Why use Data Visualisation

According to the WEC (World Economic Forum), the global system produces almost 2.6 quintillion bytes of data every day,

The data creation rate increases every day, and the data produced within the last two years amounts to approximately 90% of our total recorded data!

With this ever-increasing amount of data, making sense of it becomes a challenge.

This is where data visualisation helps.

What is data visualisation?

Data visualisation is a way to communicate information using charts and tables.

Data visualisation is a technique widely used in today’s world to communicate insights from data through visual depiction.

Its main goal is to transform large datasets into visual graphics to allow for an effortless understanding of complicated connections or correlations within the data.

Commonly used terms such as information graphics, statistical graphics, and information visualisation refer to the same technique called data visualisation.

Why data visualisation?

People absorb and retain information better when portrayed visually. If the data is displayed more visually, such as through visual maps, individuals are 17% more productive and need to use 20% less mental resources.

What’s more, teams collaborating on a joint project use 10% less mental resources and are a whole 8% more productive when using visualisation tools.

Data visualisation is an indispensable part of most companies across the globe. It is because our brain can understand visual depiction much more quickly rather than a written description of something.

A graphical representation of information helps us see large datasets clearly and in a cohesive way and comprehend that information significantly faster.

It has completely changed the way how data analysis used to work previously.

It has helped in digging more insights from data while providing a more imaginative perspective about it.

Data visualisation is used in many walks of life

In the corporate environment, the use of data visualisation is extensive. Dashboards are interactive data visualation.

Dashboards portray business information to users in a way that is simple for them to absorb. Well designed dashboards should answer the initial business question and also follow on questions.

For example, a dashboard may show sales vs budget. Plus it could also show which products are contributing to those sales, which products are up YoY, which are down, etc.

In more day to day life, data visualisation is also prevalent. For example, infographics are often used to portray a message or a story in a visual form.

Building good data visualisations

Designing and building good data visusaliations is a skill.

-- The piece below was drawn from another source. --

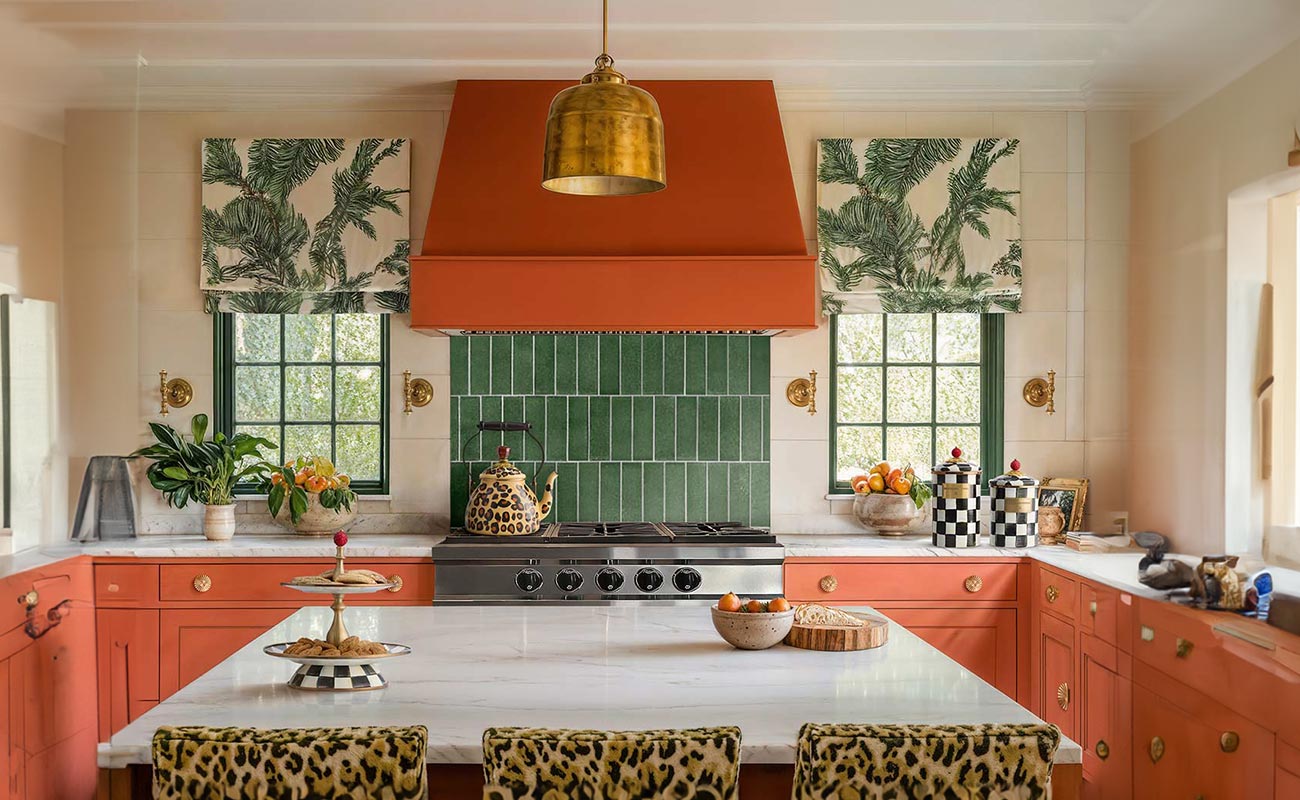 A vibrant kitchen design with a bold orange range hood, green tiled backsplash, and decorative leopard print stools, emphasizing creative interior design solutions.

To build business dashboards the developer needs a great understanding of the business and strong technical knowledge. This is a rare skill to find, hence it is often more efficient for businesses to turn to using a data visualisation consultancy.

Infographics are also difficult to create. Often these are developed by large agencies. Often professional graphic designers design the infographic and give it to a developer to build.

The most important aspect of an infographic to grab attention is the appearance.

This differs from dashboards where the most important aspect is the information it provides. In the business environment, where time is precious, users expect information in as few clicks as possible.

Therefore dashboards should be kept as simple as possible to ensure the key information is portrayed quickly to the user.

To make your data visualisation effective make sure to display only relevant facts with simple graphics.

Make use of colours that are pleasing to the eye. Also, keep in mind colour blindness and try to avoid a red-green colour scheme in dashboards.

In addition, incorporating interactively in dashboards increasing user experience. Enabling the user to drill-down allows them to answer multiple related business questions in once place. Finally, keep your visualisation updated with the latest data to stay relevant to your audience.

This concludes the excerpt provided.